It's not that I don't know how to light a fire. I got the fire started. I had a good base of kindling that turned to hot coals and I could get flames to appear if I blew on the coals until I began to feel lightheaded. After exhaling every bit of oxygen in my body on the fire, the logs would catch, burst into triumphant flame, then sizzle out a few seconds later. The logs were just too wet.

As I cursed at the fire and swore about dinner, Michelle calmly got up and suggested we go for a walk. Lightheaded from blowing on the fire to keep it going for the past sixty minutes, I grumpily refused, muttered a few choice words about the moist condition of the state and took a huge swig from a jug of water.

Michelle was gone for no more than five minutes before she came strutting back down the trail to the campsite.

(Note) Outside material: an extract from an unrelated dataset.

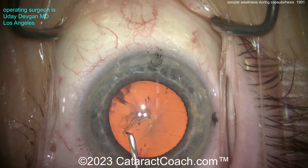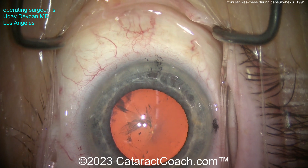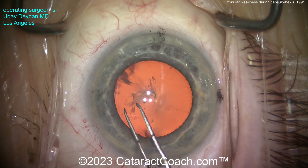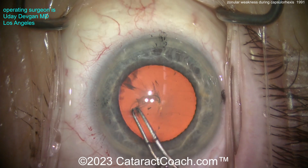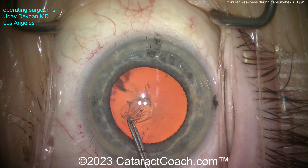There it is. By starting a rhexis with the forceps, I can always tell — is this loose or not? So it's an important hint. I did start off with the cystotome, which is nice and sharp, and obviously it's easier to penetrate the lens capsule with a sharper instrument.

I had been working on the fire while she was gone and managed to get a bit of a flame burning continuously with some damp kindling I had thrown into the fire.

In her right hand, she carried a pair of axes. "There are some women camped down from us and they have blazing fire going. They gave me these after I told them how much trouble you were having."

Great, I thought, now the entire campground thinks I'm an incompetant fire builder. But I didn't care. I knew the hatchet would help. "Cool," I thanked her, "I can use those."

I took the hatchet and began turning the logs into small bits of kindling. As I began adding the smaller pieces to the fire, it slowly began taking shape and burning hotter and continuously.

As I was getting the fire going really good, one of the neighboring women wandered up to our camp and offered the use of their fire if we couldn't get ours' started for dinner. We thanked her for the use of the hatchet and let her know we had the fire going now.

After the wood was thoroughly chopped, Michelle scooped up the axes and carried them back down the road. She returned laughing. "I told them a joke," she informed me.

When she handed the axes back to them, they mentioned that she must be hungry by now. "Oh, I'm ok," she replied, "I've already eaten a dinner of cheese and crackers. I came prepared." At this, the two women let out a burst of laughter. All in good fun.

Dinner, as it was, turned out great. And other than the wet wood, our days of camping in West Virginia happened to be a wonderful time.